5. "Met by a wall of apathy"

The government's informed choice policy for pensions in based on people doing things - becoming informed and making choices. The government is considering whether new employees should automatically become members of occupational pension schemes, so that they have an opt-out option than than an opt-in option. This is a U-turn in approach from expecting people to do things to expecting them not to. This is illustrated by Child Trust Funds:

"Less than a third than of eligible children have had trust funds opened on their behalf. Although 1.7m were sent out, only 499,000 have been cashed... Gordon Brown hoped the scheme would be popular with parents, but he has simply been met with a wall of apathy... A quarter of parents said they didn't even know what they had done with the £250 voucher to open their child's account." x x

6. Compulsion

The Pensions Commission is studying the topic of compulsion. People may no longer need to decide whether to save but because they will be compelled to do so. It is helpful to distinguish between weak compulsion and strong compulsion.
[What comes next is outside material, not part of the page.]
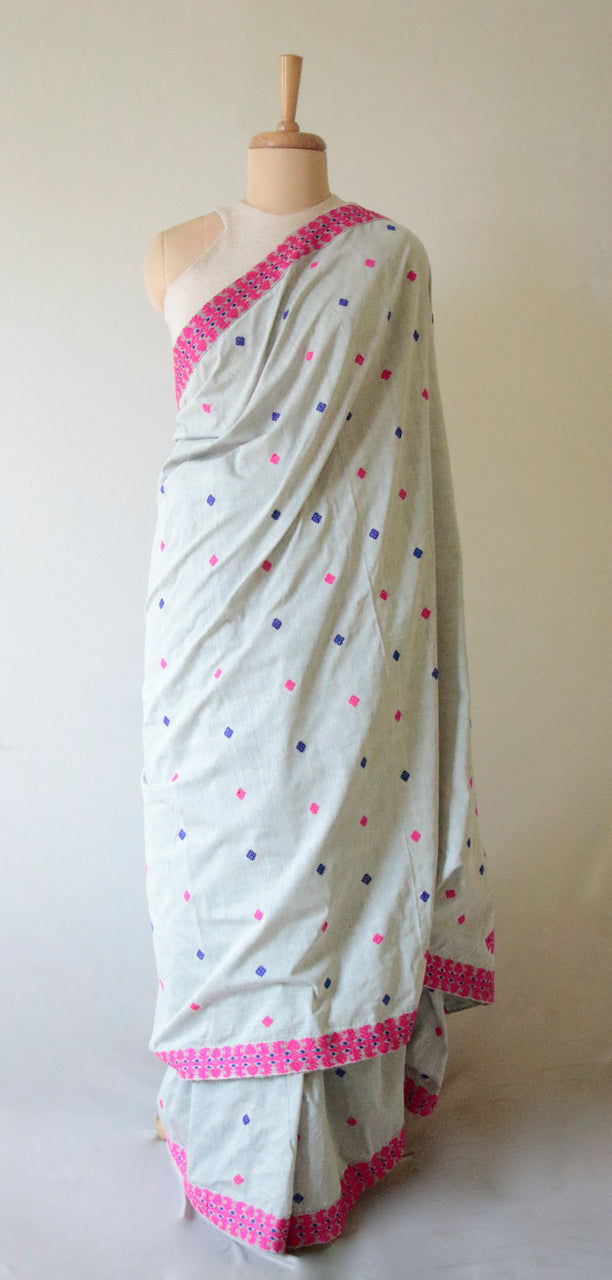 Grey Handloom Silk Saree from Assam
Adair Turner said:

"We know that simply compelling people to save doesn't necessarily fix the cost efficiency problem Australia again is a case in point. They have compulsory savings, but high annual management charges." x

This is weak compulsion because there is a large choice of funds, like for example Child Trust Funds or the Swedish Premium Reserve system. x Weak compulsion does not fix the cost efficiency problem. x There is still something to do, namely choose a fund. Strong compulsion implies that there is little, or preferably no choice of fund - like the Danish ATP scheme. This can fix the cost efficiency problem. If there is only one fund, there is no competition between funds for business. Compulsion seems to be unnecessary if there is a requirement to opt out rather than opt in, with an incentive to stay in.